Easy fix if you can get access get onto the Web Query Tool go to MA Documents and follow the lead to Scales of issue following it to the various different scales. You will find the basic uniform entitlements for all people of all elements. This will solve it. I cant as I am on leave but once *I am back in Petawawa* in the new year I will again verify something I am quite aware of.

I don't know what SFA means... (Sweet F All I think) Please enlighten me

So what does the OS Sup Tech/Cook/Clerk wear as dress of the day while on his/hers 3 course ? Seeing as that is not a "naval establishment posn" you would see them in CADPAT ? Or some version of the CF dress ? (i.e. Salt and peppers) 

"That's nice, but that's not what we're talking about here; we're talking about purple people who by the Navy's own scale of entitlement were not entitled to an initial issue of NCDs as they were/had never been posted into or working for on a temp task a Naval establishment posn. Besides the fact that we are also discussing the current navy scale - which I guarantee you has changed at least 20 times since 1999 and your given example - and the current NCDs, not the old shrinking crap that we used to have in the dockyard circa 91/92 ... or 99. As a suppie you and I both know full well that how a scale read circa 99 means absolutely SFA as to how that scale reads today - or at least you should ... given your apparent TI."

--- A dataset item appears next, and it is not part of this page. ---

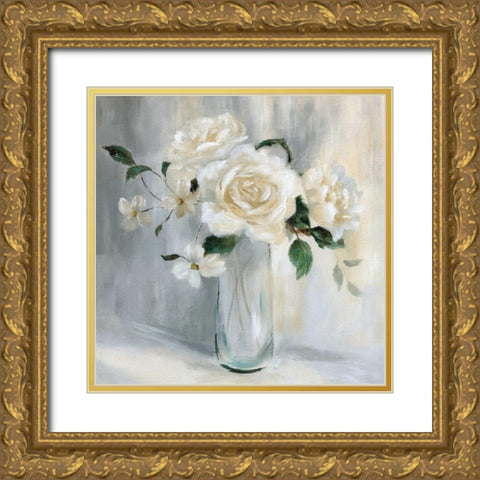Carolina Springs Bouquet Gold Ornate Wood Framed Art Print with Double Matting by Nan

First Comm Research is a "Purple Trade" I have sailed with them and know they are employed in all other environments. This PO1 was instructing some Comm Rsch course in Kingston hardly a Hard Naval Established Position and was entitled to NCDs. 

And again refer to the WQT which will give you scales, basic or operational or an combination there of for all personnel out there. Basic scales are to be issued, maintained and carried by the member so long as they remain part of that entitled environment. 

If you saw my post as "slamming" that's fine but it was just an observation made over this limited window called the internet and I stand buy it. If you disagree good for you, you know you best right ? I know I can still sleep at night not worrying about what is said on Army.ca, i sure hope you can too. 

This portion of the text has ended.